The Biblical prophets were convinced that they were addressing generations doomed to destruction; the ancient rabbis produced their first great legal code, the Mishnah, because they feared that Jewish law would otherwise be forgotten; nearly a thousand years after them, Moses Maimonides produced his great compendium of Jewish law because he was convinced that he represented the last generation of Jewish scholarship; the 1492 exiles from Spain lamented a golden age lost for ever.
Five hundred years, several persecutions, pogroms and the Nazi Holocaust later, the Jewish people survive and fellow Jews still write their obituary notices. Recently, The Golden Chain by Norman Cantor, confidently predicted the imminent disappearance of American and European Jewry, and the State of Israel as well.
Not to be outdone, Bernard Wasserstein has produced his own melancholy lament, Vanishing Diaspora; but as befits a Brit, he is Hugh Grant diffident rather than Bruce Willis brash. Unlike Cantor's global extinction, Wasserstein merely predicts the slow but sure sunset of European Jewry.
Vanishing Diaspora is an engagingly-written survey, longer on generalisations and anecdote than on hard facts. Wasserstein's conclusions are that the demographic outlook for European Jewry is bleak, that we are witnessing the withering away of Judaism as a spiritual component in the lives of most Jews, and that there is no longer "an authentic Jewish culture in Europe". Hardly surprising, one might be inclined to retort, after two out of every three European Jews died as a result of Hitler's genocide.
There is, though, a Jewish revival of a different kind going on in eastern and central Europe today which Wasserstein overlooks.
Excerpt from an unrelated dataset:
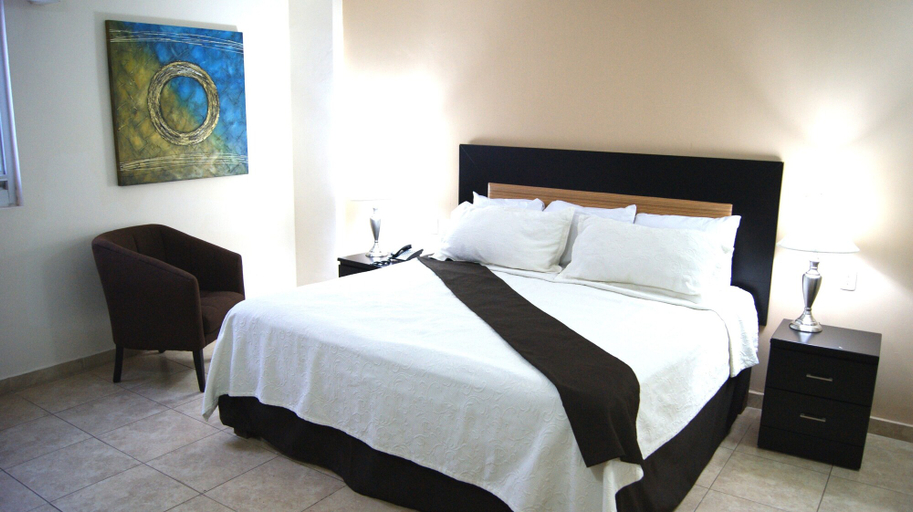 Bedroom 3, El Dorado, Ahome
Who is a Jew? he asks, then offers in answer either the traditional rabbinic definition of a person born of a Jewish mother, which he finds too restrictive, or Jean-Paul Sartre's aphorism that a Jew is anyone whom anti-Semites take to be one, which he considers too elastic.
In fact, there is a third definition, one which accords more realistically both with the Jewish experience in Europe since the Enlightenment, and with contemporary perceptions in post-Communist societies. It is this: a Jew is someone who regards himself or herself as Jewish. That is why, in the liberal democracies of western Europe, where marriage out of the faith is as high as 50 per cent, the children of such marriages often choose to define themselves as Jewish; and why, in countries like the former Soviet Union or Czechoslovakia, where religion was banned, there has been a tremendous upsurge of interest among the young in the faith and practices of their ancestors.
In modern Europe there are other ways of being a Jew than by religion or Zionism. Wasserstein is reluctant to acknowledge this, and thereby blithely writes off the future of a people that has survived in Europe for 2,000 years by virtue of resilience and adaptability.